Il est beau, il est bien fait,
Notre Préfet !
Le texte mime à la perfection la rhétorique ampoulée des discours officiels, pour mieux en révéler le vide. Le trait final, « il a le bis, onze fois sex-appel(le) », transforme le préfet en vedette de music-hall : la République est devenue un cabaret d’autorité.
Derrière la farce, pourtant, le propos est politique. Jean Chiappe n’est pas un préfet ordinaire. Depuis sa nomination à Paris en 1927, il incarne la main droite du pouvoir conservateur : ennemi juré des ligues de gauche, soutien implicite des ligues d’extrême droite, il fait régner sur la capitale un ordre musclé. C’est lui qui protège les Camelots du roi quand ils agressent des militants ouvriers, lui encore qui multiplie les saisies contre la presse satirique ou communiste. À ses yeux, Le Canard enchaîné est une nuisance ; pour les rédacteurs du Canard, il est la personnification de la dérive autoritaire d’un régime qui se prétend républicain. Que ce préfet de fer soit promu « grand officier de la Légion d’honneur » résume tout un système : le pouvoir récompense la brutalité, la servilité et la censure.
Rivet, avec son humour pince-sans-rire, évite tout discours frontal. Il ne dénonce pas : il met en scène, et laisse le grotesque parler de lui-même. Il évoque même, faussement naïf, le « léger incident » du début de la cérémonie — Chiappe, vexé de n’avoir pas assez de photographes à sa gloire, se plaignant qu’on ait « emmené les photographes » pour M. Tardieu. La comédie du pouvoir atteint ici un sommet d’autosatisfaction : un préfet se fâche de ne pas avoir assez de caméras pour immortaliser sa modestie. Le dessin de Guilac achève le tableau : sous le dais de la République, Chiappe, raide et ricanant, serre la main du ministre, tandis qu’une file d’hommes en uniforme et de reporters dociles se presse pour saluer le héros du jour.

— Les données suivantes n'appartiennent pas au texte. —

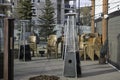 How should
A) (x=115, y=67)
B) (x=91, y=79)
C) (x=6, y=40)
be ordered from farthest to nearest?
(x=115, y=67)
(x=91, y=79)
(x=6, y=40)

Le contexte ajoute encore à la charge. En ce printemps 1932, la France s’enfonce dans la campagne électorale, dans un climat de scandales et de lassitude. La crise économique mine la société, les ligues nationalistes montent, et la République ne répond plus que par les honneurs distribués à ses propres gardiens. La Légion d’honneur, déjà galvaudée, devient l’emblème d’un régime qui se décore lui-même. Dans cette atmosphère, le Canard trouve un ton juste : moquer la solennité de pacotille plutôt que de la dénoncer de front. La dérision devient une arme plus efficace que la colère.
Au fond, ce texte est plus qu’une satire d’un homme : c’est une radiographie du pouvoir dans les années 1930. La République récompense ses serviteurs les plus zélés, ceux qui font taire, qui surveillent, qui disciplinent. Et quand Le Canard chante « Gloire à Lui », il signe en réalité une oraison funèbre de la liberté.